■ **Assigned task**: Could you transcribe exactly the lines below, from the line with "Khaite Pink Mags Dress" through the line with "Giới Tử Vi Cảnh", and nothing else, leaving out the pictures?

━━━━━ Source data ━━━━━

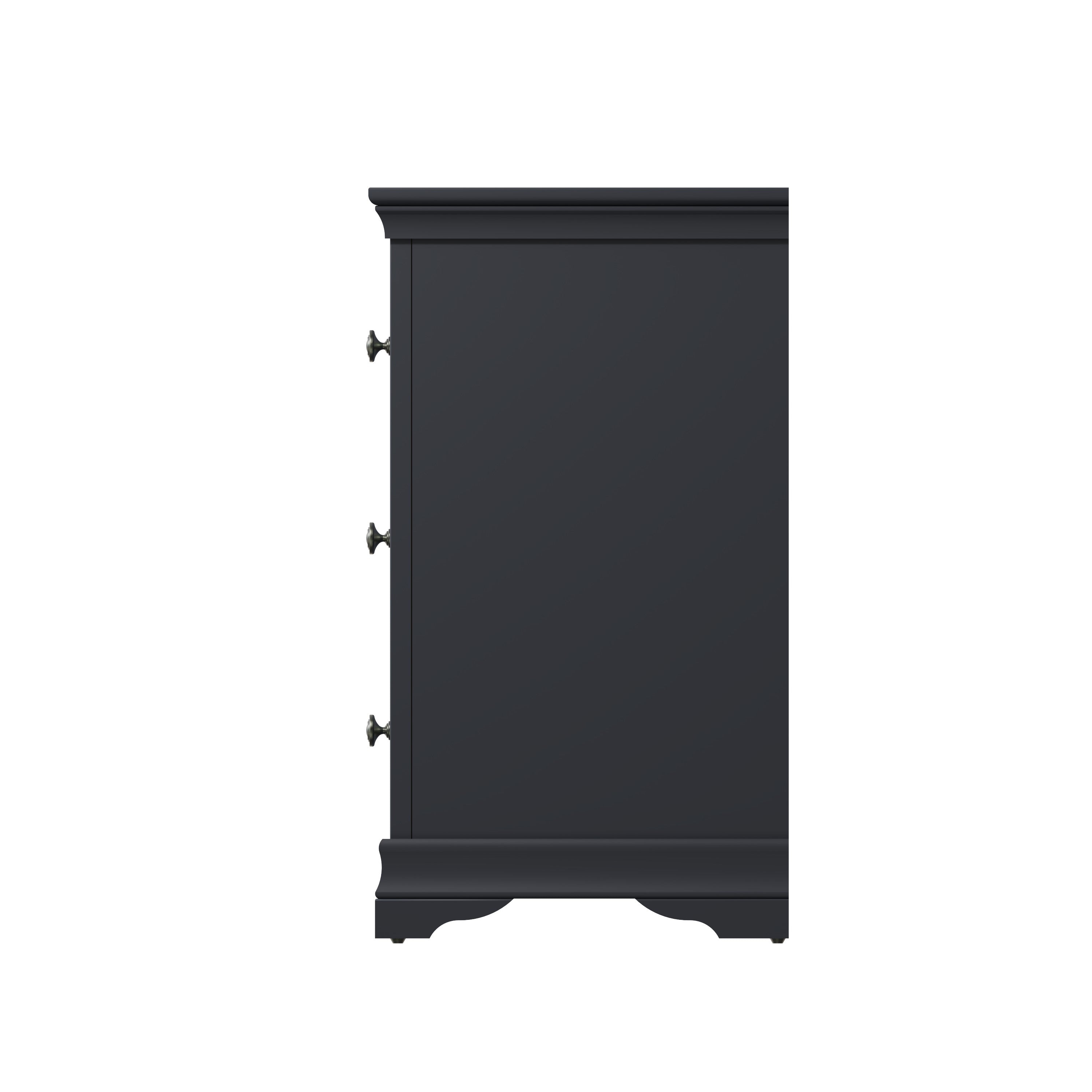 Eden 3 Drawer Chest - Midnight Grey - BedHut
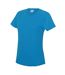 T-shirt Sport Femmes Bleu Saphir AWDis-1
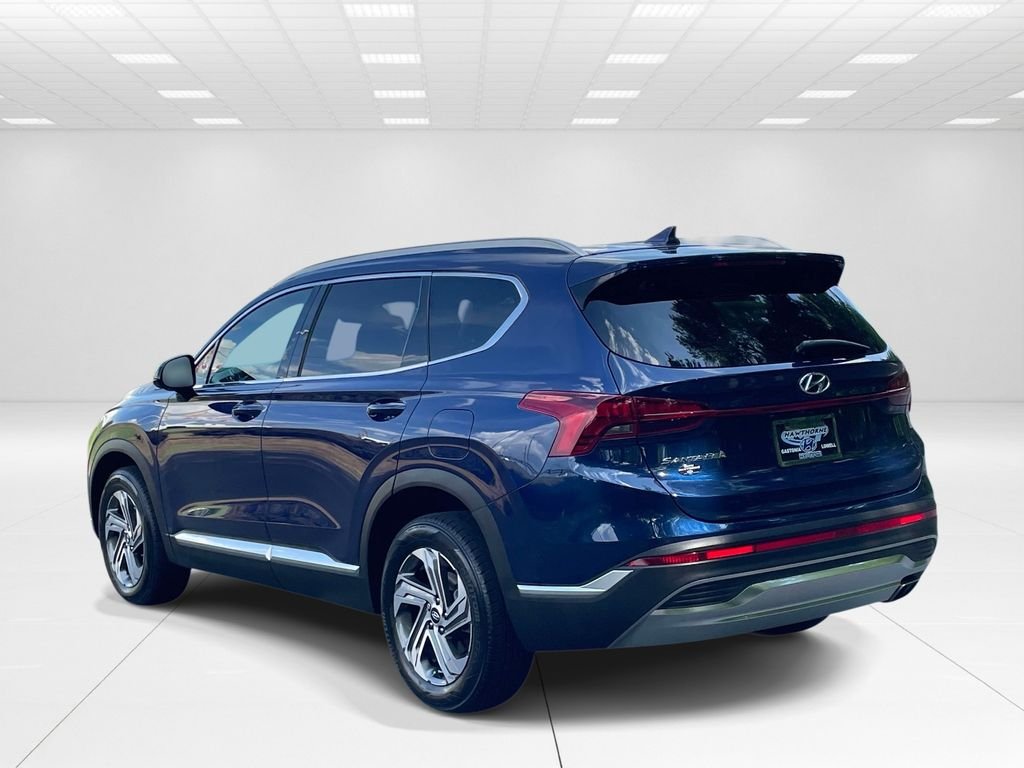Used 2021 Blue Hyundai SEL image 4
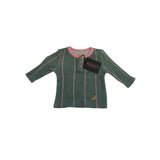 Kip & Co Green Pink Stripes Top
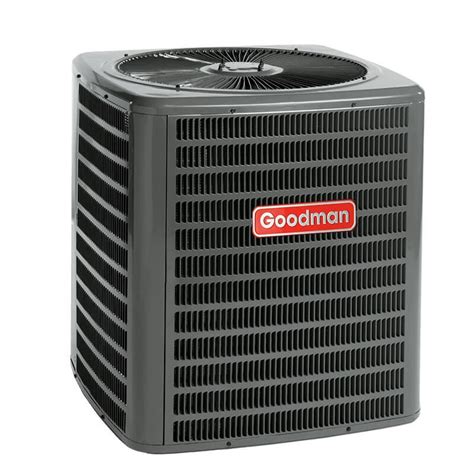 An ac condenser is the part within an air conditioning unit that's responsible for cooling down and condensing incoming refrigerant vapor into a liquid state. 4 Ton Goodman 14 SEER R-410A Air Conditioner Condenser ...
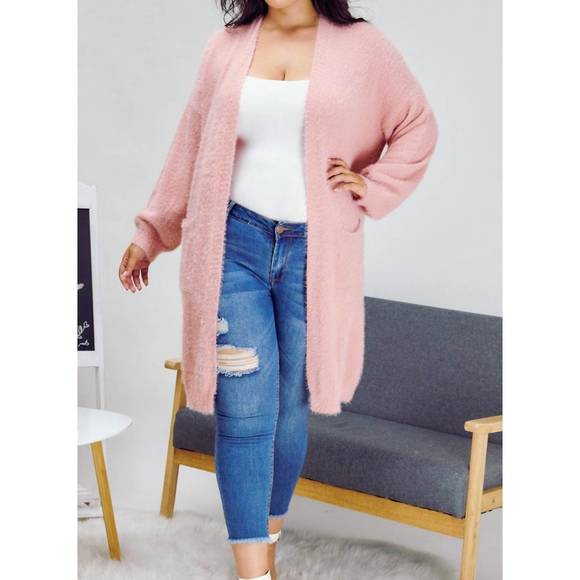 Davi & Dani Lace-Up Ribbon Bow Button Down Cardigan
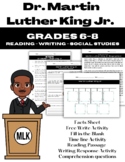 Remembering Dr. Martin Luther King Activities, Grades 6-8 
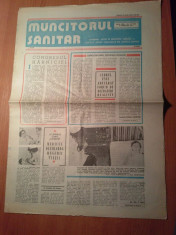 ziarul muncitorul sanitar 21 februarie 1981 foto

━━━━━
━━━━━ Source data ━━━━━

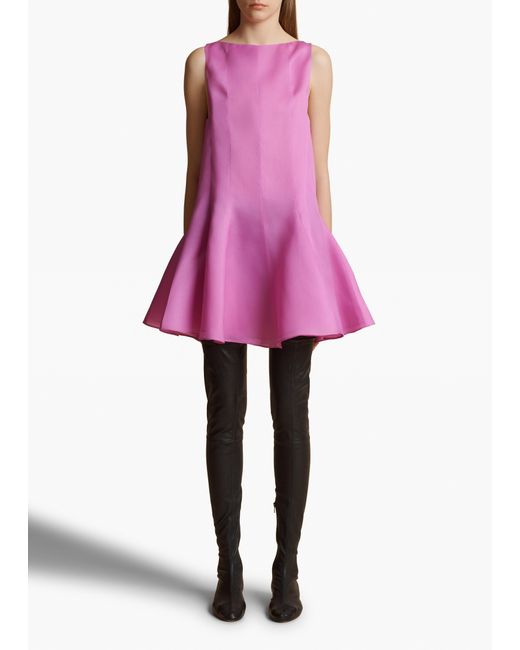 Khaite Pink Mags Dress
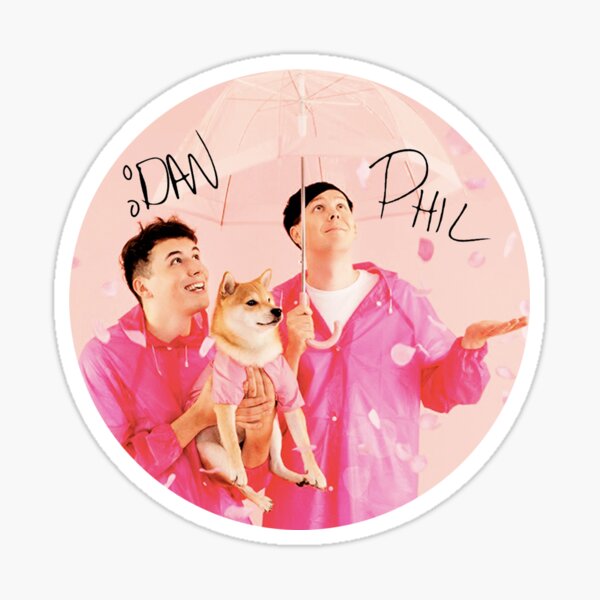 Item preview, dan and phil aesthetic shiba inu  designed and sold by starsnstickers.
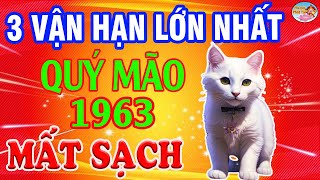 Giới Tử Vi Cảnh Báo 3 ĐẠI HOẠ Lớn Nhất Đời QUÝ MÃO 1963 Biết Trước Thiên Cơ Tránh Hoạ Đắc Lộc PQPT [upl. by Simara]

━━━━━

■ **Answer section**:
 Khaite Pink Mags Dress
 Item preview, dan and phil aesthetic shiba inu  designed and sold by starsnstickers.
 Giới Tử Vi Cảnh Báo 3 ĐẠI HOẠ Lớn Nhất Đời QUÝ MÃO 1963 Biết Trước Thiên Cơ Tránh Hoạ Đắc Lộc PQPT [upl. by Simara]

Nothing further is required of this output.